The bassoon and the French horn are two of the most difficult orchestral wind instruments. Horn players have to blow through roughly 15 feet of tightly wound metal tubing, and the bassoon comes with some 30 keys — 13 of them for the thumbs alone!
Stephen Olusemire's first encounter with the bassoon came after hearing a performance of Mozart's Symphony No. 40 and noting how beautiful the instrument sounded. He started off playing euphonium in the church band in his hometown of Lagos, Nigeria, and later switched to percussion. But he says something about that first encounter with the bassoon stuck with him.
"This instrument just sounds really beautiful," he says. "And I was like, you know, I made more research about it, and I found out, you know, there's an instrument. It's called the bassoon. And, you know, it was just like new knowledge for me. Years went by, and I moved from the church band to the church orchestra."

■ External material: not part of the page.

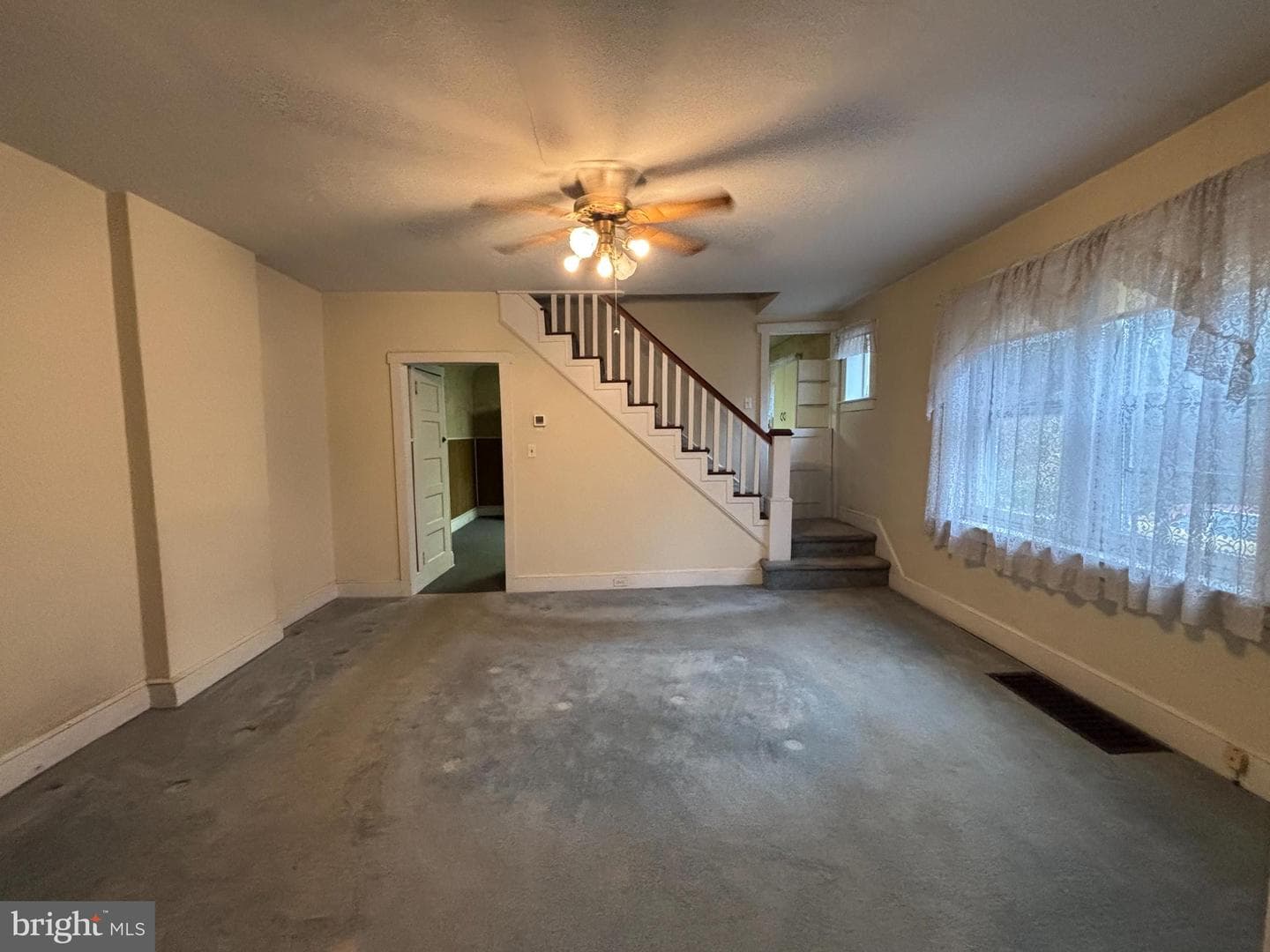 2551 Hillcrest Avenue photo 7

So, in his midteens, when the conductor asked him if he’d like to try the bassoon, he jumped at the chance. His twin brother Nathan began music studies on piano. One day, a friend brought a French horn, something he’d never seen before.
"I was just so intrigued," he says. "And then I asked a really funny question at that time, 'Can you let me try your instrument?' I hadn't played any brass instruments in my whole life. And then I was like, 'Oh, can I try the instrument?' And he was like, 'Oh, yeah, for sure.' So, the first ever note I played on the horn was the middle C, and it came out clean. And I was like, 'Oh, maybe this is a sign for me to, like, learn the horn.'"
But to do so, without a strong classical music tradition in Lagos and no school music programs available, he and his brother had to get creative.
"Something that we struggle a lot with is having access to people to teach us," he says. "So most of our learning was based off YouTube videos."
But he says online learning had its limitations.
"Then I went, and I Googled trumpet fingerings, because at that time I saw, oh, the trumpet had three valves," he says. "The horn has three valves, so probably, it's the same thing. I was actually wrong, but yeah, I used trumpet fingerings for like, a few months."
There were other challenges. They wanted to practice constantly, but could only afford to do so once or twice a week when they could find enough money to pay for bus fare and travel to the church where the instruments were kept.
Eventually, Stephen turned to social media for help. He joined a bassoon group chat, posted a short video of himself playing, and introduced himself.
"I told them I was from Nigeria," he says. "I just started playing the bassoon. And you know that I needed help with information of how to play the instrument the right way. And you know, the response I got from that video took everything from here to up there. Because from there I got response from different people from different parts of the world."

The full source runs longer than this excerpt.